В конце курса по Бальзаку я набросал план «Американской комедии». «Может, кто-нибудь из вас, — сказал я своим студентам, — попытается стать в нынешних Соединенных Штатах тем, чем был Бальзак для Франции своего времени. Для молодого американского писателя это было бы великое и благородное стремление. Почему Бальзак по справедливости считается самым знаменитым из французских романистов? Потому что он имел мужество вывести не только отдельные общественные слои, но и общество в целом. Как ему это удалось? Благодаря созданию двух тысяч характеров, во многих из которых типичного столько же, сколько и индивидуального, — и этого оказалось достаточно, чтобы в сотне романов и новелл представить чуть ли не все разновидности рода человеческого. Понемногу читатель узнает этих героев, особенно когда они встречаются в нескольких романах, лучше, чем знает людей в реальной жизни. Бальзак, как и обещал, заменил собой национальную службу регистрации гражданского состояния и создал целый мир.

Так разве невозможно попытаться сделать для Америки XX века то, что сделал Бальзак для Франции ХIХ-го? Вы, как и он, принадлежите к относительно стабильному обществу, которое тоже выработало типы. Некоторые из ваших романистов, Синклер Льюис[397] например, могли бы, если бы захотели, создать между своими книгами такую же связь, какая существует между книгами Бальзака. Но они предпочли писать отдельные произведения, и ваша „Американская комедия“ еще ждет своего демиурга. Ваши две тысячи типичных персонажей ищут автора. Неужели он не придет? Весьма очевидно, как должен выглядеть план его произведения. Он будет отличаться от бальзаковского плана, учитывая необъятность территории и региональные различия Америки. Итак, первую серию романов следовало бы посвятить наиболее ярко выраженным местным типам.
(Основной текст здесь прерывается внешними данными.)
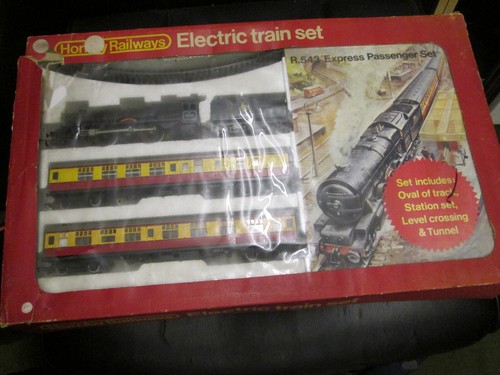 HORNBY R543 EXPRESS PASSENGER SET BOXED 00 SCALE (INCOMPLETE)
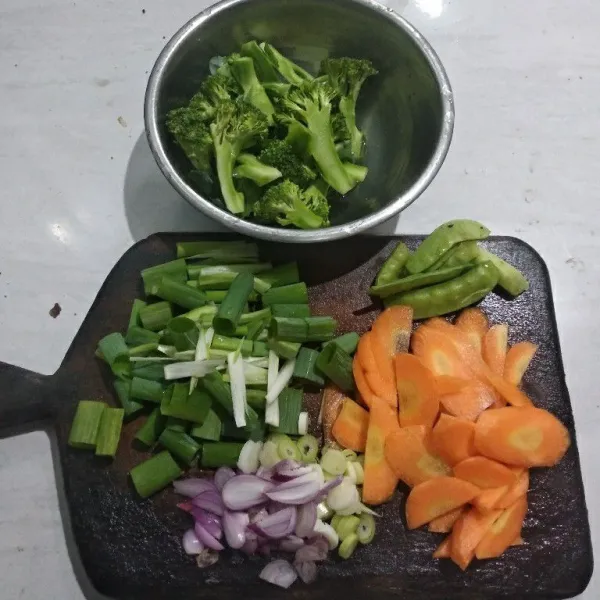 Potong potong bahan sayur yang sudah di cuci lalu sisihkan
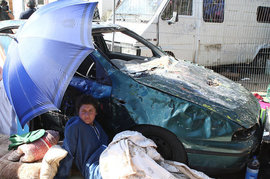 Цыгане во Франции перекрыли крупнейшее шоссе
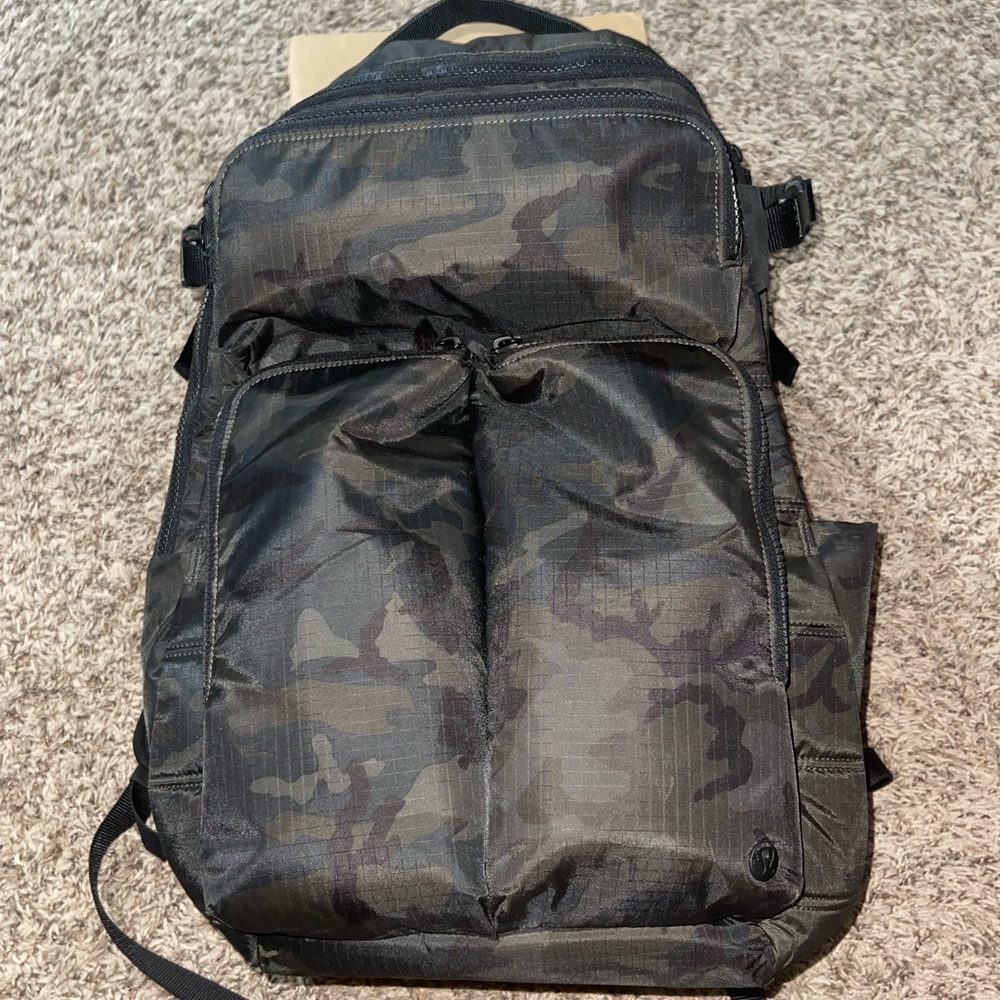 Mens Assert Backpack 30L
Один из вас, кому я говорил об этой идее, дал мне список названий для „Сцен региональной жизни“:

I. „Джентльмен Старого Юга“. — II. „Бедные белые“. — III. „Ривертаун“. — IV. „Цветные“. — V. „Миссуриец“. — VI. „Последний из пуритан“. — VII. „Нью-йоркский житель“. — VIII. „Миннесота и скандинавы с Великих Озер“. — IX. „Родина-чужбина“ (квартал недавних эмигрантов в Чикаго). — X. „Море, или Блюдо с омарами“ (Мэн). — XI. „Фриско“. — XII. „Пастухи“ (Северо-западное побережье Тихого океана). — XIII. „Бордертаун“ (граница с Мексикой). — XIV. „Даллас, Техас…“ Некоторые из этих названий вполне приемлемы; иные можно было бы улучшить, но географически все распределено более или менее так, как сделал бы сам Бальзак.
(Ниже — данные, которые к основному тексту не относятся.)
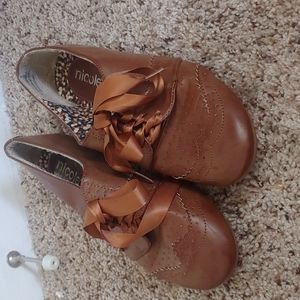 Brown Ribbon Laced Oxfords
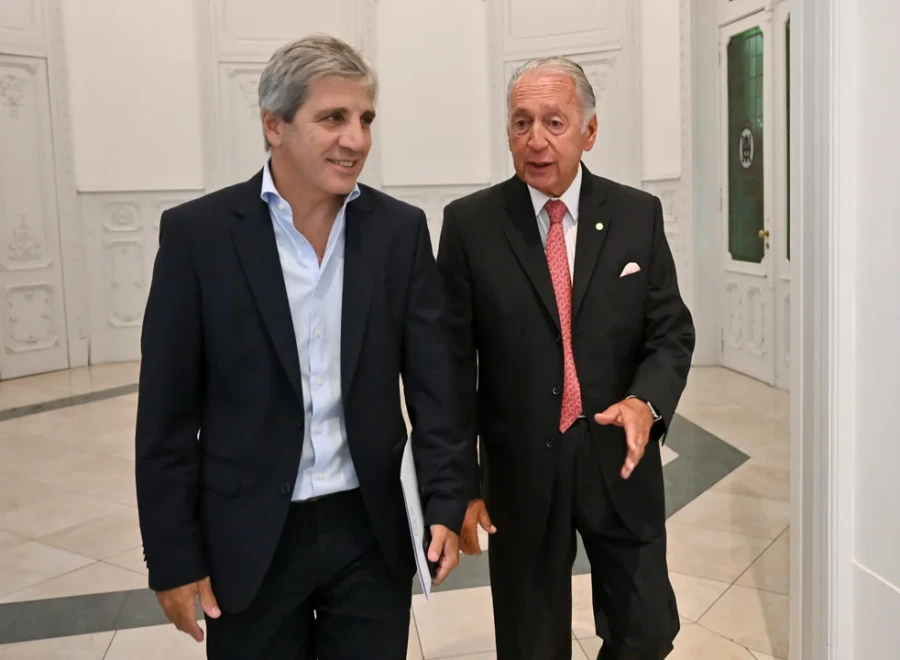 Empresarios pidieron a Caputo "equilibrar condiciones" frente a las importaciones.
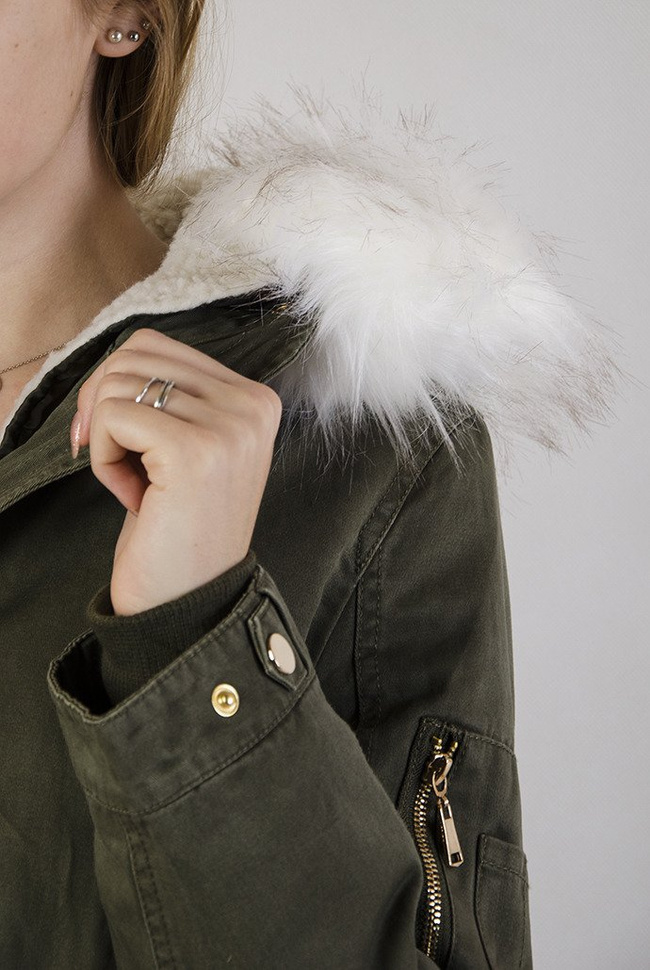 Khaki kurtka parka z białym futerkiem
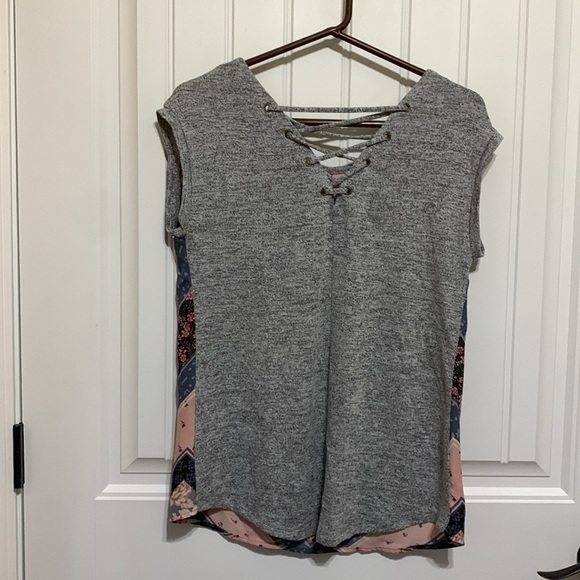 MAURICES WOMENS SHORT SLEEVE PATCHWORK TOP SHEAR FRONT CRISS CROSS BACK SMALL - Picture 4 of 5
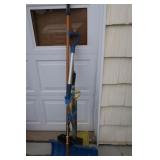 Snow Shovels, Brooms, Shovel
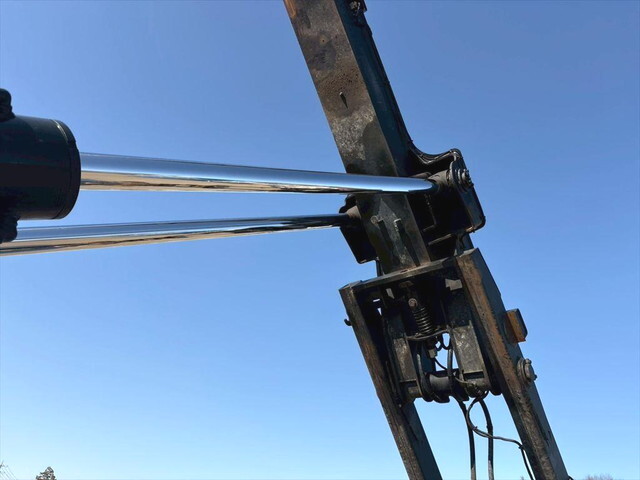 三菱ふそうスーパーグレートコンテナ専用車大型（10t）[写真11]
Затем он, скорее всего, занялся бы изучением социальных и профессиональных групп. „Сцены политической жизни“:

I. „Мэр Мидлтауна“ (выборы, честные способы и подкуп избирателей). — II. „Машина“ (в политическом смысле слова). — III. „Депутат в зените“. — IV. „Сенатор“. — V. „Мнение меньшинства“ (роман о Верховном суде). — VI. „Группа давления“ (исследование „лоббизма“, кулуарные интриги в Вашингтоне). — VII. „Дом на Р-стрит“. — VIII. „Хозяйки больших салонов“. — IX. „Секретная служба“ (роман о Белом доме)… Естественно, нашему романисту предстоит создать собирательный образ президента и вице-президента… Вашингтон станет также местом действия некоторых из „Сцен военной жизни“. Например: „Пентагон“. Но армия и флот должны быть представлены в другой серии, аналогичной той, от которой Бальзак оставил нам, к сожалению, только план; в нее должны были войти темы: французы в Египте, консульская гвардия, Москва, алжирские пираты и два десятка других.
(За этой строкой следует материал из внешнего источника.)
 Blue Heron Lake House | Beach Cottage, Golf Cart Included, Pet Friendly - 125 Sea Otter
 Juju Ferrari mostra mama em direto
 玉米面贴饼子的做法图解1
„Сцены деловой жизни“, естественно, будут связаны со сценами политической жизни множеством общих персонажей. Там должен быть роман о гигантских банках Нью-Йорка, еще один — о провинциальном банкире; один — о больших магазинах: „Барген бэйзмент“ (совершенно не похожий на „Дамское счастье“ Золя); один — о промышленнике типа Генри Дж. Кейзера; один или два — о жизни профсоюзов и их лидеров; один — о черном рынке („Нейлоновый чулок“). Некоторые типы будут сильно отличаться от аналогичных типов у Бальзака и дадут материал для превосходных диссертаций на докторскую степень 2000 года. Ростовщик Гобсек из „Человеческой комедии“ был человеком с тонкими губами, носил потертую одежду и жил в убогой комнатенке; американский Гобсек будет веселым молодцом, владельцем небоскреба („Гобсек Лоун энд Кэш Ко“), восседающим в мягком кресле роскошного офиса. Ко всему этому надо, как у Бальзака, прибавить жуликов („Underworld“[398]), а также, разумеется, полицию. Будет в „Американской комедии“ роман, чрезвычайно интересный для написания, посвященный ФБР, организации, превосходящей все, что могли вообразить Бальзак и По.

Не надо также забывать о „Сценах религиозной жизни“, столь разнообразной в Америке из-за обилия конфессий и сект, „Сценах учебной жизни“ и особенно о „Сценах литературной и артистической жизни“. Один роман, „Бестселлер“, покажет механизм, выпускающий и распродающий миллионные тиражи. В „Миссии“ можно будет раскрыть контраст между творчеством великого писателя и крахом его частной жизни. В „Fifty-seventh Street“[399] наш Бальзак займется изучением того, как несколько богатых женщин, несколько специалистов и один умелый торговец прокладывают путь начинающему художнику; а в „Рембрандте мистера Прига“ — как миллионер покупает подделку. Что же касается театра и Голливуда, тут он найдет два неистощимых источника.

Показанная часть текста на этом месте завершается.